For the invisible things of him since the creation of the world are clearly seen, being perceived through the things that are made, even his everlasting power and divinity; that they may be without excuse (Romans 1:20).
Paul's declaration that the Creation testifies to the Creator is very encouraging to our faith. Many times we will discuss how God's eternal power is evident in the creation. From the fixed properties of the universe that facilitate life down to the functioning of DNA, we can see the hand of God in how things exist.
But how does the creation testify to God's divinity--His "divine nature," as translated in the ESV?
What is God's divine nature, anyway? We know that God is One (Deuteronomy 6:4), and yet we see in Scripture that the Father is God, the Son is God, and the Holy Spirit is God (John 1:1, 10:30, Colossians 2:9, 1 Peter 1:2, 2 Peter 1:21). The best understanding of this mystery is to declare that God is One Being in Three Persons, for all other alternatives run into Biblical challenges. If the Three are just different manifestations of one person, how can all three testify at the baptism of the Son, or how can both the Father and the Son witness to the Son (Matthew 3:16-17, John 8:17-18)? If God the Father is really God, and the Son and the Spirit are divine but not fully God, how could Paul say that in Jesus the Godhead dwelt fully in bodily form (Colossians 2:9)?
God as the Three in One does make some sense. John declares that God is love in 1 John 4:8; by definition, love is seeking the best interest of the object of the love (cf. John 3:16, 1 Corinthians 13:1-12, etc.). If God is but one person, that would make Him the ultimate narcissist; this cannot be. God is love because of the love that exists among the Three.
God's divine nature, then, features the Three in One: God as one, not in person, but in nature, being, character, will (John 1:1, Colossians 2:9, Hebrews 1:3). In short, God is one in relational unity. The relationship amongst the Three is so deep and intimate that we can speak of God as one Being, using the singular "He" or "Him."
So how is God's divine nature as the Three in One evident in the creation? Look no further than yourself!
And God created man in his own image, in the image of God created he him; male and female created he them (Genesis 1:27).
This is not declaring that we are somehow divine or gods; far from it. Nor is it declaring that God is a man; He is spirit (John 4:24), and we are made in His image in our metaphysical properties-- we have consciousness and a soul.

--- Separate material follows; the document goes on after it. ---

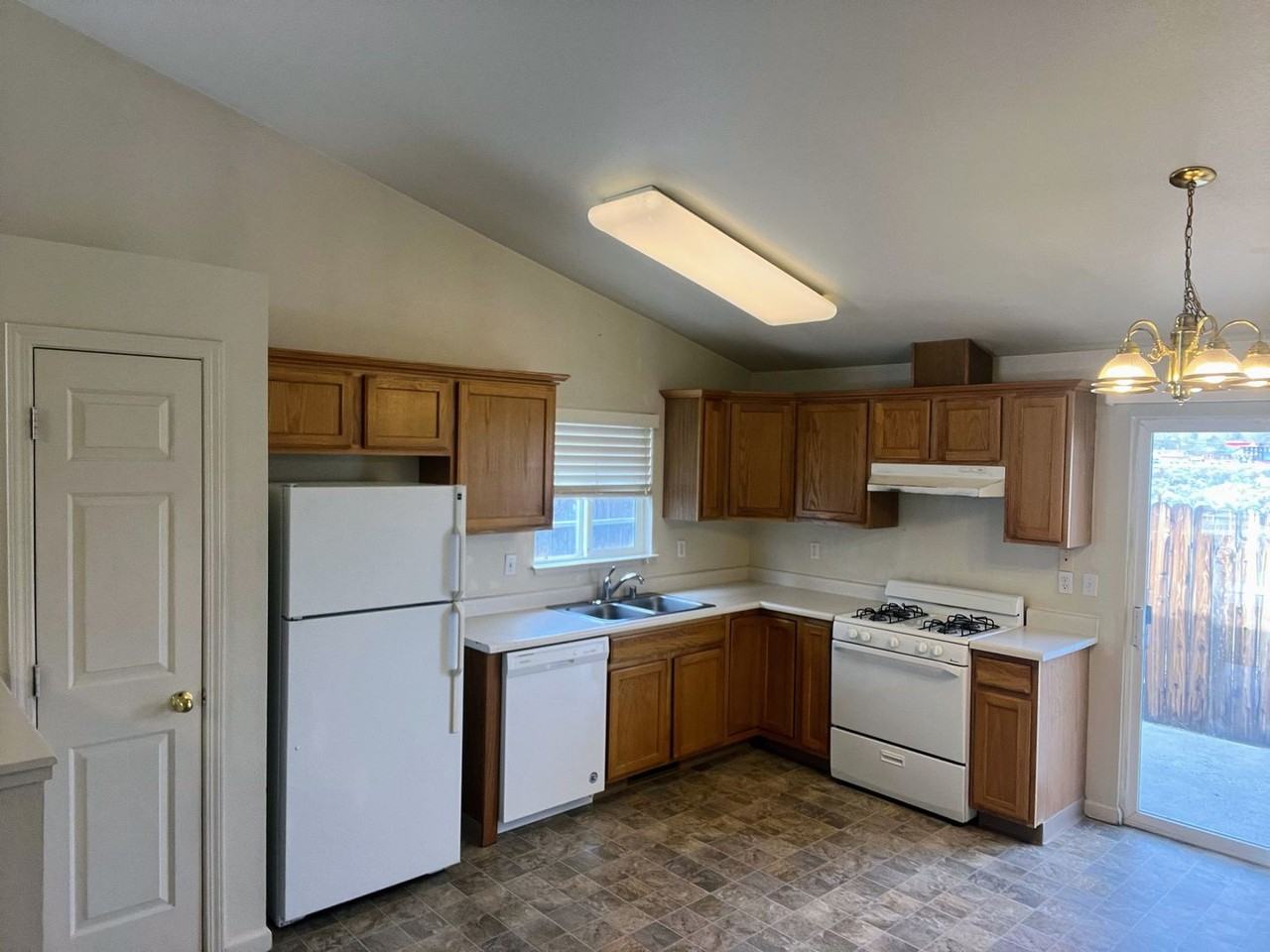 4106 Gordon St - Photo 4 of 11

Nevertheless, what do we humans seek after in life? Different answers might be given: money, stuff, fame, power, and so on and so forth. While people might be motivated by different desires, what is at the heart of many of them? People want a comfortable lifestyle and many of the things listed above, but who wants to have them alone? People might want to be as wealthy as Ebenezer Scrooge, but who wants to be Ebenezer Scrooge?
When it comes down to it, people want to be loved, known, and appreciated. In short, people are seeking relationships. Psychologists are discovering that we are wired for relationships-- it is one of our most fundamental needs in our existence!

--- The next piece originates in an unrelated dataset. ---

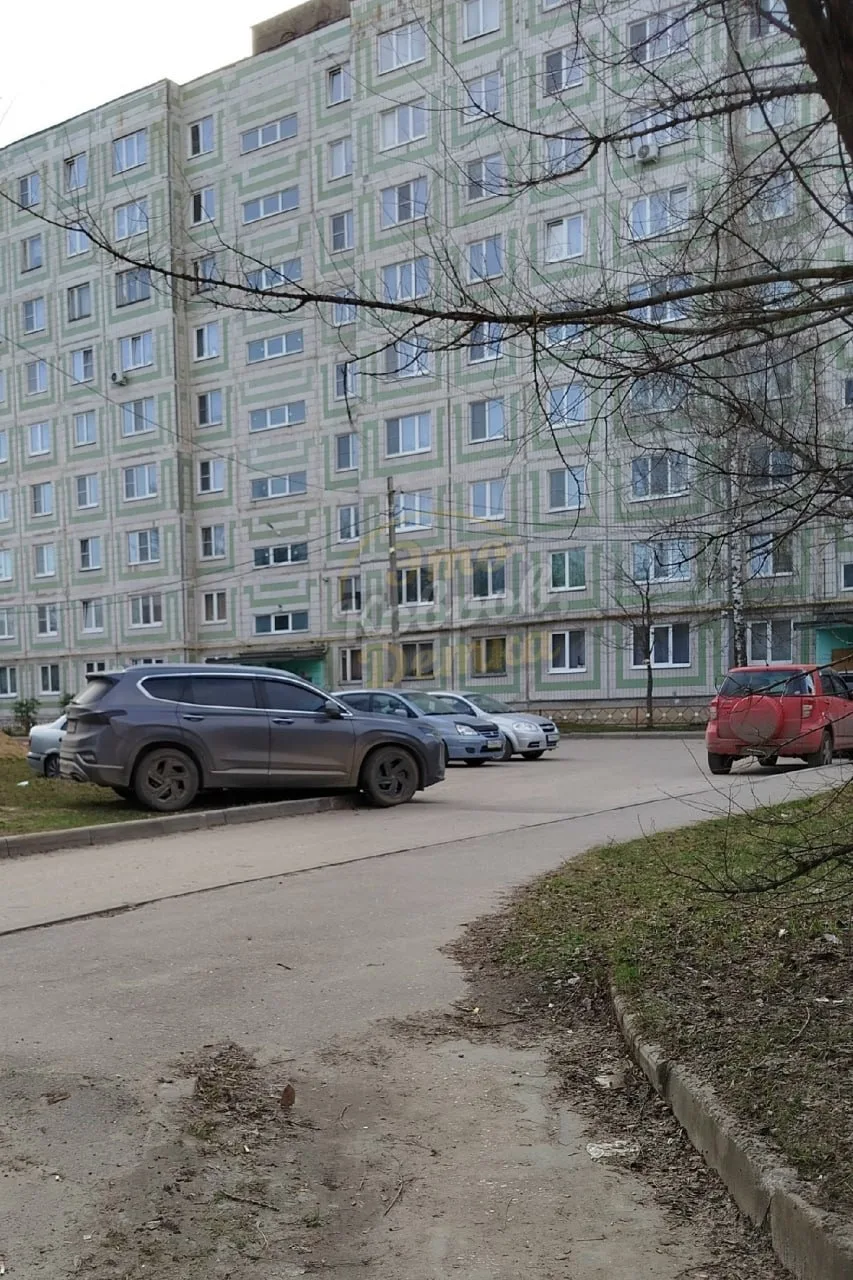 ⚡️ Прошу обратить внимание сотрудников ДПС  На данного "водятела" ул. Космонавтов 2/4, нарушивший пр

When people think of relationship, the relationship between a husband and wife often comes to mind. What happens in that situation? A man and a woman, unrelated, somehow meet each other. They get to know each other and they fall in love with each other. They commit to one another. The two become one; they are still two different humans, but it's about "us" more than it is about "me". Such is a wonderful time, full of creativity; after all, how many songs, books, and plays have been written, or paintings or sculptures or other pieces of art made, on account of the desires of love? There is a natural desire to share in love, and often there are offspring that come on the basis of that love.
Is this not God's divine nature manifest in His creation?

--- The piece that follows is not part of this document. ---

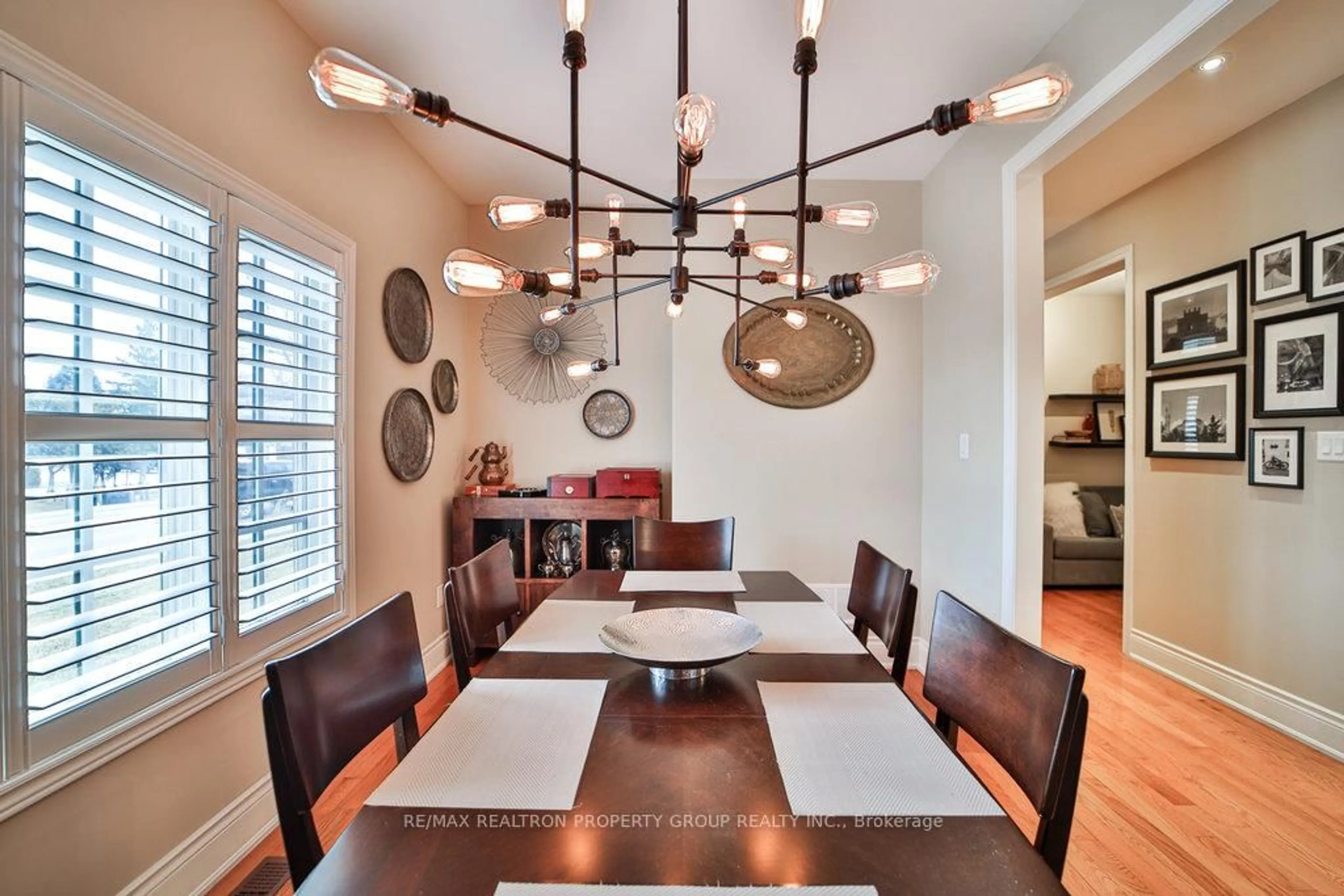 Dining room, unknown for 168 Twyn Rivers Dr, Pickering Ontario L1V 1E2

As we have seen, He is the Triune God, the Three in One. A man and his wife becoming one is analogous to the unity within God (Genesis 2:24). And just as the love between the man and the woman leads to creativity and various creative acts, not the least of which being offspring, what else motivated God to create all things but love? He wanted to share the love within Himself with the beautiful creation which He made, particularly with His "offspring," man made in His image (Genesis 1:1-2:3, Acts 17:26-28).
There is a reason why the metaphors in the Bible all "work." The metaphors are effective because the God who created the universe intended for us to understand our need for relationship with Him and with one another within the way the creation functions. We can understand marriage between a man and a woman; we can therefore understand Israel's relationship with God, and our relationship with Christ, in a similar way (cf. Hosea 1-3, Ephesians 5:22-33). We can understand the bond between parent and child; we can therefore understand our relationship with our heavenly Father in a similar way (Luke 15:11-32, Romans 8:15-17). None of these are coincidental.
It is not good for man to be alone; how can it be when he is made in the image of the Three in One, the God who is one in relationship? We are made to seek a relationship with our Creator who loved us and, in so doing, to maintain relationships with one another as well. The Bible testifies to it. The creation testifies to it. Let us praise and thank God that His divine nature is evident in the creation. Let us seek to maintain a relationship with the Triune God, seeking to be conformed to the image of the Son. Let us seek to be one with one another as the Father and Son are one (John 17:20-23), and let us thus honor and glorify God!